Die Welt freut sich auf Olympia ’72 in München. Doch plötzlich entwickelt sich der Traum zum Terror. Die ARD erzählt in einem Doku-Drama von dem Attentat und kann dank der Zeitzeugen eigene Akzente setzen.

Die Polizisten trugen Himmelblau und keine Waffen, das Olympische Dorf war noch kein Hochsicherheitstrakt. Kamen die Athleten verspätet abends zurück, kletterten sie einfach über den Zaun. „Die Stimmung war wunderbar“, sagt Esther Roth, eine Leichtathletin aus Israel, über die Sommerspiele von 1972 in München. Die Sprinterin schien das zu beflügeln, sie erreichte das Halbfinale über 100 Meter Hürden, doch in der Nacht vor dem Rennen überfiel ein palästinensisches Terrorkommando das Männerquartier der israelischen Olympiamannschaft. Unter den Geiseln war auch Roths Trainer Amizur Shapira.

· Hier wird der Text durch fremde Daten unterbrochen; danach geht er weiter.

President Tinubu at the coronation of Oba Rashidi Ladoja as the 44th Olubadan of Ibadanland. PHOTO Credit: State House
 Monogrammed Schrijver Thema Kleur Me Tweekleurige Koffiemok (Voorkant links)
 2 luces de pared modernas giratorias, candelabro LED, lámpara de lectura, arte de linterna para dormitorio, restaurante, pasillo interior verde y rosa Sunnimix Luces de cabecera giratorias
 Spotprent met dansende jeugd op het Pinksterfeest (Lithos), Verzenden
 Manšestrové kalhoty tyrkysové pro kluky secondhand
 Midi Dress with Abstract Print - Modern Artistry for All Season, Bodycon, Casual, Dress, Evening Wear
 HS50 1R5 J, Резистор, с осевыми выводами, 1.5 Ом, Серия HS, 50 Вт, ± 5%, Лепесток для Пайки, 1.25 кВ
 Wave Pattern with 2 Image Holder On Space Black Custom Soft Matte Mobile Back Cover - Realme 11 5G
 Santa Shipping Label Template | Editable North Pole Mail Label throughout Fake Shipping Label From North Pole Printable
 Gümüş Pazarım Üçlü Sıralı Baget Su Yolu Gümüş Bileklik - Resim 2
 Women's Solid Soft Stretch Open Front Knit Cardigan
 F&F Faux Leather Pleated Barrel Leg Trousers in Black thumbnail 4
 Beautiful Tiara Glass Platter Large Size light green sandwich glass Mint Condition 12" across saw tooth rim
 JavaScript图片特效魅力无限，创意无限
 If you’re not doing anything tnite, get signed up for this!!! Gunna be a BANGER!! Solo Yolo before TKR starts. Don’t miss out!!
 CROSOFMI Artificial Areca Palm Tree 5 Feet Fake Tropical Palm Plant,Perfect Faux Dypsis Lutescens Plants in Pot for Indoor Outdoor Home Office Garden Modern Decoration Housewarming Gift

Wenige Tage vor dem Beginn der Spiele in London erinnert die ARD mit dem Dokudrama „Vom Traum zum Terror – München 72“ an die Ereignisse vor 40 Jahren. Neuland ist das Thema nicht gerade, noch im März zeigte das ZDF die Teamworx-Produktion „München 72 – Das Attentat“, bei dem der Anteil der Spielszenen deutlich höher war. Zwar erzählen beide Filme im Kern dieselbe Geschichte: Wie der Terror-Schock über die „heiteren Spiele“ kam. Wie schlecht vorbereitet das Deutschland der siebziger Jahre auf solche Anschläge war. Und wie eine Kette von Fehlern zu dem schrecklichen Blutbad auf dem Flughafen Fürstenfeldbruck führte. Doch jeder Film erzählt auch ein bisschen seine eigene Wahrheit. In der ZDF-Version spielte Bernadette Heerwagen die tragende Rolle einer jungen Polizistin, die damals als Botin und Übersetzerin in den Verhandlungen mit den Geiselnehmern fungierte. Garniert wurde ihre Rolle mit einer kleinen, wenn auch erfundenen Liebesgeschichte.

Bei der ARD-Version taucht diese Randfigur der Ereignisse gar nicht erst auf, was vermutlich seriöser ist. Dafür sind die Spielszenen hier weit davon entfernt, eine eigene erzählerische Kraft zu entfalten. Für das gemeinsam mit Spiegel TV und dem Red-Bull-Sender Servus TV finanzierte Projekt hat man sich zwar einige bekannte Gesichter geleistet: Etwa Peter Lohmeyer als Walther Tröger, damals der Bürgermeister des Olympischen Dorfs, oder Michael Brandner als Bundesinnenminister Hans-Dietrich Genscher. Doch viel mehr als ein schlecht sitzendes Toupet (Lohmeyer), sorgenvolle Mienen und steife Dialogsätze – Genscher zu seinem Chauffeur: „Wundern Sie sich nicht, wenn dort viel Polizei ist, im Dorf ist etwas Furchtbares im Gange“ – haben ihre kurzen Auftritte nicht zu bieten.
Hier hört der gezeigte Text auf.